Scarred: How Famine Shaped Modern Ukraine and Russia
In the 1930s, Joseph Stalin committed crimes against humanity by purposely starving to death more than four million Ukrainians for resisting his Five-Year Plan to collectivize agriculture.
Millions more fled and in 1937, Stalin executed or imprisoned hundreds of thousands of Ukrainian leaders and influencers.
For three more generations, Russia kept Stalin’s genocide hidden until 1991 when Ukraine declared independence from the Soviet Union and opened the archives.
Many books and films followed over the years.
But a new book called Red Famine: Stalin’s War on Ukraine, by Pulitzer Prize winning author and journalist Anne Applebaum, delivers more information and more insights into this dark chapter.
The book draws parallels between past and present that reveal how little—except the scale of the damage and carnage—has changed. The psychological and demographic damage from the famine, or Holodomor in Ukrainian, has been so profound that it continues to shape the thinking of Ukrainians and Russians, she argues.
For example, Russia does not consider Ukraine as anything more than “Little Russia,” despite history and the fact that their languages are as different as French and Spanish.
Old narratives are why in 2014, after a Russian puppet was driven from Ukraine’s presidency, Putin immediately invaded and occupied nine percent of Ukraine with the intention of invading much of the rest. Since then, more than 10,000 Ukrainians have died, two million have fled their homes, the industrial heartland has been destroyed, and Ukraine’s economy crippled.

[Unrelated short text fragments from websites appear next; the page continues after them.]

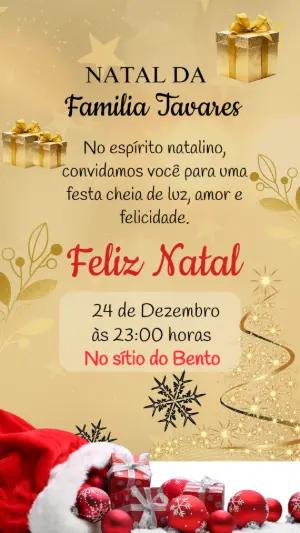 Convite de Natal Elegante Dourado para Editar Online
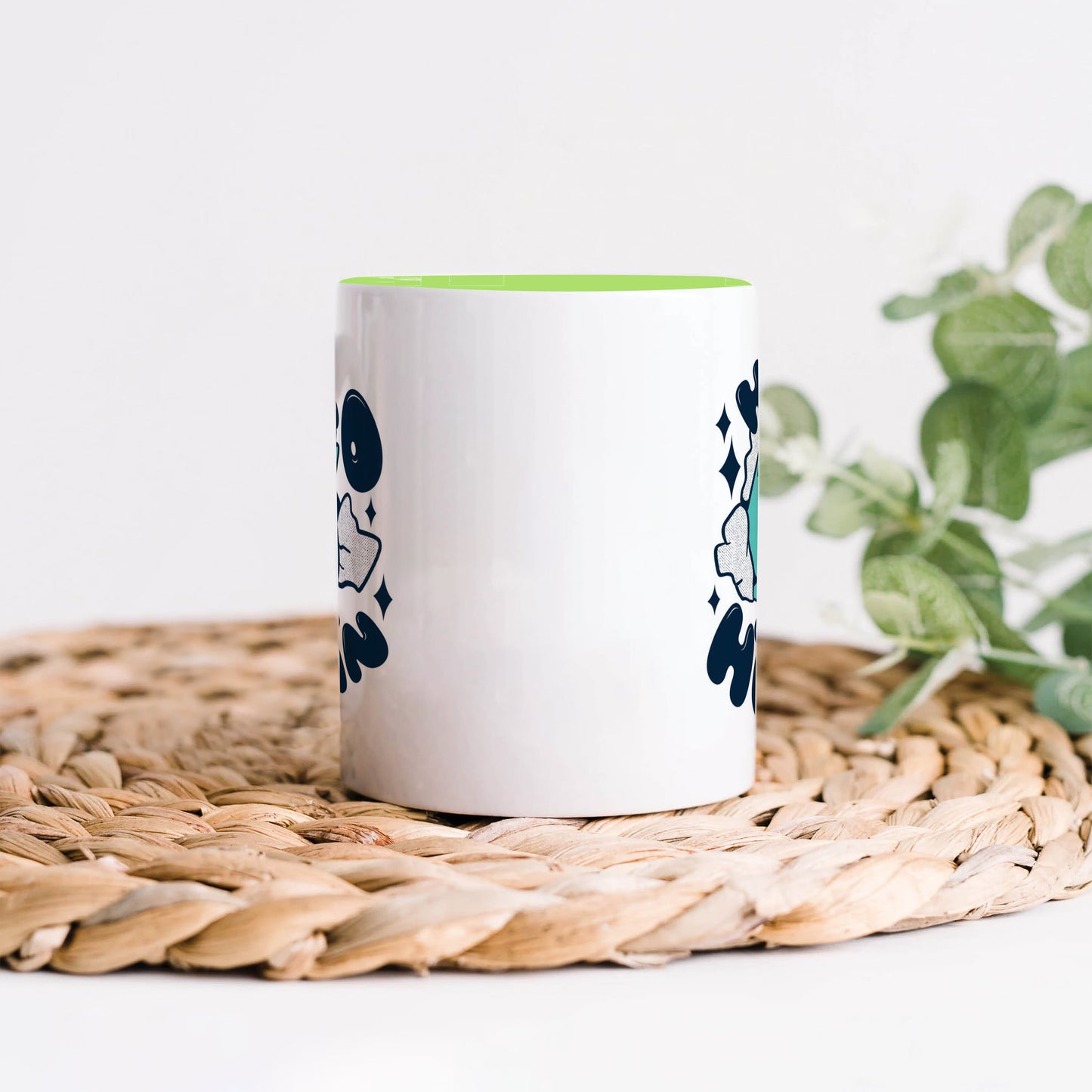 Cute Cat saying hello Human design Light Green Handle 330 ml Coffee Mug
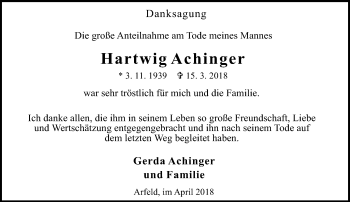 Traueranzeige von Hartwig Achinger von Siegener Zeitung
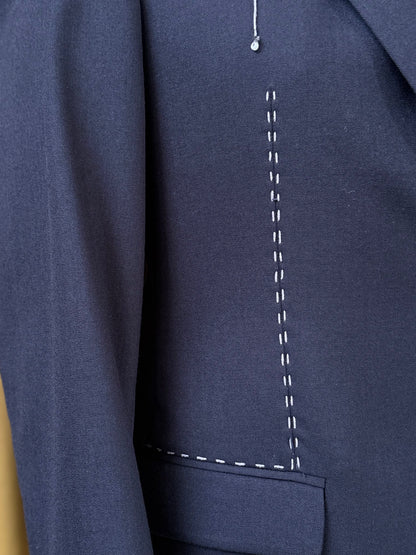 Navy Wool Trapeze with Hand Embroidery Tailored Jacket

Likewise, Ukrainians remain stuck in terms of reforming their country to join the West due to the psychological effects of their hideous past.
“Even three generations later, many of contemporary Ukraine’s political problems, including widespread distrust of the state, weak national institutions, and a corrupt political class, can be traced directly back to the loss of that first, post-revolutionary, patriotic elite,” writes Applebaum.
Putin also believes that Ukraine is an existential threat, as did Stalin.
“It is possible to hear the echo of Stalin’s fear of Ukraine—or rather his fear of unrest spreading from Ukraine to Russia—in the present too. The Russian FSB, successor of KGB, continues to demonize its opponents using propaganda and disinformation,” she writes.
Applebaum’s book is thoughtful, but doesn’t mince words. The famine was genocide, she concludes.
“The famine fits perfectly into the original definition of genocide…But during the United Nations debate about the genocide convention in the 1940s, the Soviet delegation altered the legal definition precisely in order to avoid the inclusion of the famine.”
She also devotes a chapter, called the “Cover-Up,” with new details about the malpractice of journalists, notably The New York Times correspondent in Russia, Walter Duranty, who won a Pulitzer Prize for his coverage there.
She cites the fact that in 1933 Duranty wrote that “there is no actual starvation or deaths from starvation but there is widespread mortality from diseases due to malnutrition” and that suffering was for a “noble” reason.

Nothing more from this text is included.